Note that Inequality (21) has been derived in [24], we will nevertheless include a proof for completeness.

Equation (12) then follows by combining (21) and (22), Equation (13) is obtained as a combination of (19) and (20).

It remains to prove the four inequalities. To that extent, we recall that for \(\alpha ,\beta \in \mathbb {C}\) with \(|\beta | = 1\) we have

$$\begin{aligned} | {\text {sgn}}(\alpha ) - \beta |&\le |\alpha - \beta | + | {\text {sgn}}(\alpha ) - \alpha | = | \alpha - \beta | + | 1 - |\alpha | | \nonumber \\&= | \alpha - \beta | + | |\beta | - |\alpha | | \le 2| \alpha - \beta |. \end{aligned}$$
(23)

With help of this inequality we obtain that

$$\begin{aligned} \min _{\theta \in [0, 2 \pi ]} \left\Vert {\text {sgn}}(z) - e^{i\theta } {x} \right\Vert _{2}^{2}&= \min _{\theta \in [0, 2 \pi ]} \sum _{\ell = 1}^{d} | {\text {sgn}}(z_{\ell }) - e^{i\theta } {x}_{\ell }|^{2} \nonumber \\&\le 4 \min _{\theta \in [0, 2 \pi ]} \sum _{\ell = 1}^{d} | z_{\ell } - e^{i\theta } {x}_{\ell }|^{2} \nonumber \\&= 4 \min _{\theta \in [0, 2 \pi ]} \left\Vert z - e^{i\theta } {x} \right\Vert _{2}^{2}. \end{aligned}$$
(24)

Moreover, since \( \left\Vert x \right\Vert _{2}^{2}=d\) and \( \left\Vert z \right\Vert _{2}^{2}=d\) we have that

$$\begin{aligned} \left\Vert z - e^{i\theta } {x} \right\Vert _{2}^{2} = \left\Vert z \right\Vert _{2}^{2} + \left\Vert e^{i\theta } {x} \right\Vert _{2}^{2} - 2 {\text {Re}}\left( e^{- i \theta } {x}^{*} z \right) = 2d - 2 {\text {Re}}\left( e^{- i \theta } {x}^{*} z \right) . \end{aligned}$$
(25)

The right hand side is minimal if \({\text {Re}}\left( {x}^{*} z \right) \) is maximal and equal to \(| {x}^{*} z |\).

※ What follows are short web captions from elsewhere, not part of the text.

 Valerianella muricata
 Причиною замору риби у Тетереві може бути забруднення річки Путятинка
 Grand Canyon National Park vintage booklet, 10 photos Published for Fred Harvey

Hence with \(e^{i \vartheta } := {\text {sgn}}({x}^{*} z)^{*}\) we arrive at

$$\begin{aligned} {\text {Re}}\big ( e^{- i \vartheta } {x}^{*} z \big ) = {\text {Re}}\big ( {\text {sgn}}({x}^{*} z)^{*} \cdot {\text {sgn}}({x}^{*} z) \cdot | {x}^{*} z | \big ) = | {x}^{*} z |, \end{aligned}$$
(26)

and thus

$$\begin{aligned} \min _{\theta \in [0, 2 \pi )} \left\Vert z - e^{i\theta } {x} \right\Vert _{2}^{2} = 2d - 2| {x}^{*} z |. \end{aligned}$$
(27)

The projection of \(e^{i\vartheta }z\) onto the orthogonal complement of x is given by

$$\begin{aligned} q := e^{- i \vartheta } z - \big \langle e^{- i \vartheta } z, \frac{{x}}{ \left\Vert {x} \right\Vert _{2}} \big \rangle \ \frac{{x}}{ \left\Vert {x} \right\Vert _{2}} = e^{- i \vartheta } z - \frac{1}{d} {|}{x}^{*} z|\ x, \end{aligned}$$

where we used that by (26), the inner product is real. Consequently, as \(q\perp x\), one has that by Pythagoras’ theorem

$$\begin{aligned} \left\Vert q \right\Vert _{2}^{2} = \left\Vert e^{- i \vartheta } z \right\Vert _{2}^{2} - \left\Vert \frac{1}{d} {x} |{x}^{*} z| \right\Vert _{2}^{2} = \left\Vert z \right\Vert _{2}^{2}- \frac{1}{d^{2}} \left\Vert {x} \right\Vert _{2}^{2} |{x}^{*} z|^{2} = d - \frac{1}{d} |{x}^{*} z|^{2}. \end{aligned}$$
(28)

With the Cauchy-Schwarz inequality and (27), this yields that

$$\begin{aligned} \left\Vert q \right\Vert _{2}^{2} = d - \frac{1}{d} |{x}^{*} z|^{2} \ge d - |{x}^{*} z| = \frac{1}{2} \left\Vert z - e^{i \vartheta } {x} \right\Vert _{2}^{2}. \end{aligned}$$

Recall that \(q \perp x\) and let us show that x spans the nullspace of the matrix \({L}\). Define the unitary matrix \(C={\text {diag}}\{x_1,\dots , x_d\}\), where \(x=(x_{j})_{j=1}^{d}\). Note that

$$\begin{aligned} W \circ X = W \circ (x x^{*}) = C W C^{*} \end{aligned}$$

and by unit modularity of \(x_i\)

$$\begin{aligned} D = D C C^{*} = C D C^{*}, \end{aligned}$$

where we used commutativity of diagonal matrices. This results in

$$\begin{aligned} {L} = D - W \circ {X} = C D C ^{*} - C W C^{*} =C L_{G} C^{*}, \end{aligned}$$

which shows in particular that the eigenvalues of \({L}\) and \(L_{G}\) coincide.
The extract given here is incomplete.